Daily life in Vijayanagara during the 15th century
A grounded look at South India's great capital, where bazaars, temples, irrigation, horses, craft workers, farmers, and households shaped daily life.
Vijayanagara was one of the largest cities of the medieval world. In the 15th century, its temple complexes, royal center, bazaars, irrigation works, craft quarters, and surrounding fields supported a diverse population of merchants, soldiers, priests, artisans, farmers, servants, and visitors.
Housing and Living Spaces
Homes ranged from modest dwellings of earth, timber, and thatch to elite compounds with courtyards and service areas. Domestic space supported cooking, storage, weaving, animal care, family ritual, and small business. Urban neighborhoods were tied to markets and temples.
Food and Daily Meals
Meals included rice, millets, pulses, vegetables, spices, dairy, fruits, oil, and meat or fish depending on community and status. Irrigation tanks and canals supported food supply, while markets sold cooked foods and regional goods.
Work and Labor
Work included farming, irrigation maintenance, textile production, metalwork, stone carving, temple service, horse trading, market selling, transport, and military service. Bazaars connected local producers to long-distance merchants.
Social Structure
Society included rulers, nobles, soldiers, priests, merchants, craft specialists, farmers, servants, enslaved people, and foreign traders.

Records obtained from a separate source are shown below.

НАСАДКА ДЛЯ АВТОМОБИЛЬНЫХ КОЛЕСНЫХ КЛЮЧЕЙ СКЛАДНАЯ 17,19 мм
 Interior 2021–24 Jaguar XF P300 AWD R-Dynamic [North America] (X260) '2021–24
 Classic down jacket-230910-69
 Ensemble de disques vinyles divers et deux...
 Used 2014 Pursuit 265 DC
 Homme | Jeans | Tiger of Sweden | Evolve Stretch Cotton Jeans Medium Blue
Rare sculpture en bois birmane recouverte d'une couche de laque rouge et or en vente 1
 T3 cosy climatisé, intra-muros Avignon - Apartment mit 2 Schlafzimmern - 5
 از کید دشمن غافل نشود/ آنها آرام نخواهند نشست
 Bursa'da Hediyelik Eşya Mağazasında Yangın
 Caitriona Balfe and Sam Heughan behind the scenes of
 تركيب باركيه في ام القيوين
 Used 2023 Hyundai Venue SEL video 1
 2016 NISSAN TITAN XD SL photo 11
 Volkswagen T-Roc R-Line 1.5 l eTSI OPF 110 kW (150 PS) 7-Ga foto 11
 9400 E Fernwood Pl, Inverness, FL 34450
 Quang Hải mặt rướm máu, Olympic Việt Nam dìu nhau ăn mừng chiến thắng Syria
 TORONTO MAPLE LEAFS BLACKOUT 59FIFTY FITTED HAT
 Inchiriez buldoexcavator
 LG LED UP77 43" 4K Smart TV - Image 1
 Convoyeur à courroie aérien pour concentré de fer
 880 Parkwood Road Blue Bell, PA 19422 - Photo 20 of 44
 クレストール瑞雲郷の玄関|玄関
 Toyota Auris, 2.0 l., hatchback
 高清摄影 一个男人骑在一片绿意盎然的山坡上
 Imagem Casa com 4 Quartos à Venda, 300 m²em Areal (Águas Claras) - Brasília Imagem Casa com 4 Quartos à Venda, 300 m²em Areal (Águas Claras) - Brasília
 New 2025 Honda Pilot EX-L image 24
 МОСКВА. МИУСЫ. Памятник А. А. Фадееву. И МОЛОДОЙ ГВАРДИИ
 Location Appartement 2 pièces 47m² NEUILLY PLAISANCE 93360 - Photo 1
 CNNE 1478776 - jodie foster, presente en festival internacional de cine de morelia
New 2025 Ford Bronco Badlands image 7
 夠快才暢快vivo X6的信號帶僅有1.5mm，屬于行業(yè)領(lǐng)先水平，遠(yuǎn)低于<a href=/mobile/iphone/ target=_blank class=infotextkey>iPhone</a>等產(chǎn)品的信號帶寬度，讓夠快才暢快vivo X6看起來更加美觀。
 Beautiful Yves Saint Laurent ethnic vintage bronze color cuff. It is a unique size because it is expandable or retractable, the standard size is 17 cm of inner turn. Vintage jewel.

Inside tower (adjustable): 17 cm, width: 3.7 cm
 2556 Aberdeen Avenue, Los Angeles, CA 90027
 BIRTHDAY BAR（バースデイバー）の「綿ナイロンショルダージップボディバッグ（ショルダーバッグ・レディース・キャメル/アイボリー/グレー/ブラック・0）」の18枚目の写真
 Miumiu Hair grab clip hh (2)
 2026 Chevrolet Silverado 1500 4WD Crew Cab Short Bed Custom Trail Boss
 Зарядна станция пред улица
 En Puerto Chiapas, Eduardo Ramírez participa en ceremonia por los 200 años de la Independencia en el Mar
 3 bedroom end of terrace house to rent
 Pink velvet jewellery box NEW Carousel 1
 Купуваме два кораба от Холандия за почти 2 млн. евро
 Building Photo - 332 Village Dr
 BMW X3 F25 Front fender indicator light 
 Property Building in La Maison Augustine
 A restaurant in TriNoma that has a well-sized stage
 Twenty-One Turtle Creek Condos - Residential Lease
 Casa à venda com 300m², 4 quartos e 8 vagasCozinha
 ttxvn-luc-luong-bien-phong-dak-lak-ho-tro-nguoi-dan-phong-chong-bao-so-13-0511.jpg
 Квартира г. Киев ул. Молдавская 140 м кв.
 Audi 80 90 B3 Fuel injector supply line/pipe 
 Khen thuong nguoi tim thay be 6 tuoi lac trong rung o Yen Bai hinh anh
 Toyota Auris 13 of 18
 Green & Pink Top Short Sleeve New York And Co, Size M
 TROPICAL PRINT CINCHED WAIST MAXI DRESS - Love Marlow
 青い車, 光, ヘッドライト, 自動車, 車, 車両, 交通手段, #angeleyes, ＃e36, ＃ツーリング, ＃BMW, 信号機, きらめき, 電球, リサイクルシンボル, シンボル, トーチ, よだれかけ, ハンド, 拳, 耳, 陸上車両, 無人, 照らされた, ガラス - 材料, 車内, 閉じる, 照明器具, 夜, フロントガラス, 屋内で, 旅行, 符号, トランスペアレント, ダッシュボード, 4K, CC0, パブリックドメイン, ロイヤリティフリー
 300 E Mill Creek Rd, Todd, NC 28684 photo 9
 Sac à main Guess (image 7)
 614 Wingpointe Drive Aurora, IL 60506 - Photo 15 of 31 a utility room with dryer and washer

Status depended on court ties, temple roles, wealth, caste and community, occupation, and access to land or trade.
Tools and Technology
Tools included looms, chisels, carts, pack gear, irrigation works, weighing equipment, coins, lamps, pottery, and metal implements. Water control and market organization were central technologies.
Clothing and Materials
Clothing used cotton, silk for elites, wool in some contexts, leather, jewelry, turbans, draped garments, belts, and work clothing. Textiles were both daily necessities and major trade goods.
Daily life in Vijayanagara adds medieval South Indian urban scale and bazaar life to the section.